Nigeria. Almeno 110 agricoltori sgozzati da Boko Haram

È l'attentato più sanguinoso di questo 2020. Anche i musulmani ora attaccano il presidente Muhammadu Buhari: «Peggior governo della storia del paese»

Almeno 110 persone sono state uccise da Boko Haram sabato nell’attacco più sanguinoso e violento di tutto il 2020. L’attentato è stato perpetrato dai terroristi islamici a danno degli agricoltori del villaggio di Koshobe, vicino a Maiduguri, nello Stato di Borno, in una zona pericolosa e ancora infestata dalle scorribande dei jihadisti. Sabato il governo aveva parlato di 43 vittime, poi 70. Ora, invece, il bilancio è salito fino a 110.

CATTURATI, LEGATI, SGOZZATI

Gli agricoltori, che lavoravano nelle risaie quando sono stati sorpresi dai terroristi, erano originari dello Stato di Sokoto, nella Nigeria nord-occidentali, e avevano affrontato il viaggio di 1.000 km verso il nord-est per trovare lavoro. I jihadisti di Boko Haram li hanno catturati, legati e sgozzati. Altri sei sono rimasti feriti, mentre diverse donne sono state rapite.

Il presidente della Nigeria, Muhammadu Buhari, ha definito «senza senso questi omicidi che feriscono tutto il paese». Il suo portavoce, Garba Shehu, per sollevare il governo dall’accusa di non aver protetto le vittime, ha gettato la responsabilità della tragedia sugli agricoltori stessi, colpevoli di «essersi recati al lavoro senza il permesso dell’esercito nigeriano». L’esercito stesso era stato avvertito dalla comunità di Koshobe dei movimenti sospetti di Boko Haram nell’area, ma si era limitato a qualche perlustrazione di routine.

«PEGGIOR GOVERNO DELLA STORIA DEL PAESE»

La Coalizione dei gruppi settentrionali (Cng) ha attaccato duramente il presidente e il suo governo, accusandoli di «abbandonare i nigeriani del nord all’insicurezza e alla violenza senza precedenti di chi attacca, uccide, rapisce, stupra, brucia. Ne abbiamo abbastanza di scuse e false promesse. Questo è il peggior governo della storia del paese quando si tratta di difendere comunità e individui».

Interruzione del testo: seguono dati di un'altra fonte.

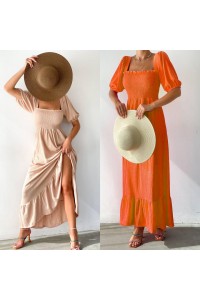Φόρεμα ζαγρέ ROKET FASHION R31 Φόρεμα ζαγρέ ROKET FASHION R31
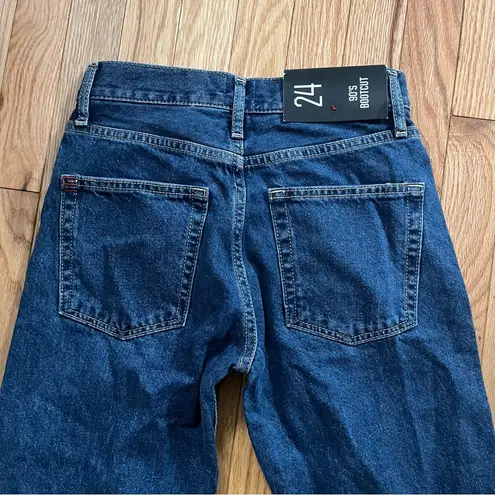 BDG  '90s High-Rise Boot Cut Washed Jean- NWT Size 24/32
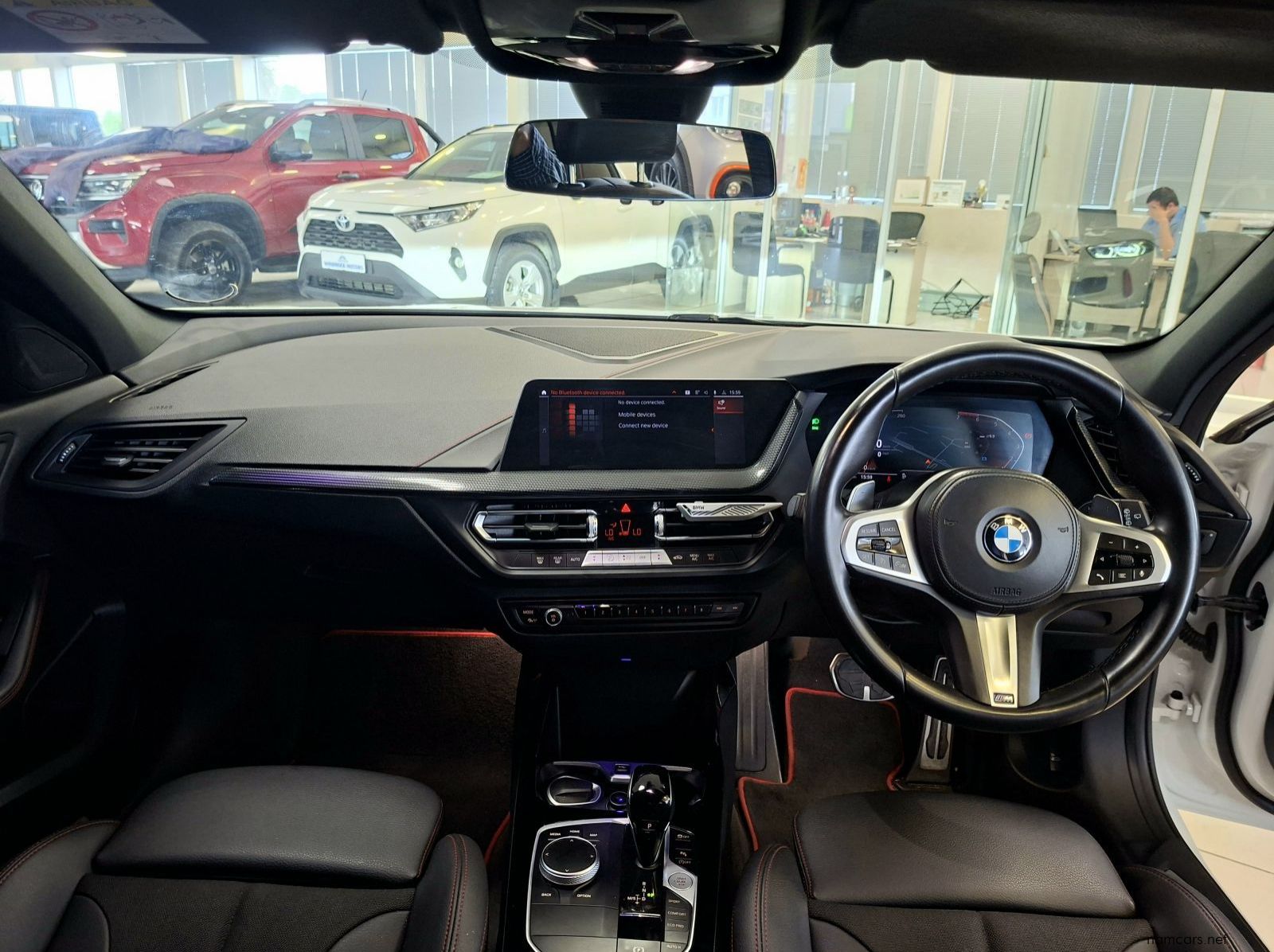 2022 BMW 1 Series 128TI F40 Automatic pictures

Al coro di protesta dei nigeriani che vivono in zone prevalentemente islamiche si unisce quello dei cristiani, che nel centro e sud del paese continuano a subire attacchi e soprusi da parte dei pastori fulani. Come scritto dal vescovo di Sokoto, Matthew Hassan Kukah, in occasione dei 60 anni dell’indipendenza nigeriana:

«Siamo tutti davanti a un dilemma: oggi è la festa della nazione ma come passiamo cantare se il nostro paese è diventato una Babilonia? Dove sono le figlie di Chibok? Dov’è Leah Sharibu? Chi sono gli assassini con ottimi appoggi che hanno invaso la nostra terra e l’hanno resa un lago di sangue? Signor presidente, ricominci da capo prima che sia troppo tardi. Prego per lei che Dio tocchi il suo cuore perché lei possa abbracciare gli ideali di coloro che sono venuti prima di lei. Questa non è la Nigeria che avevano sognato. Confidando in Dio, ma col dolore nel cuore, dico ai nigeriani di restare uniti. Rinnoviamo la nostra fede. La nostra salvezza è più vicina di quando credemmo. Dio benedica la nostra amata patria».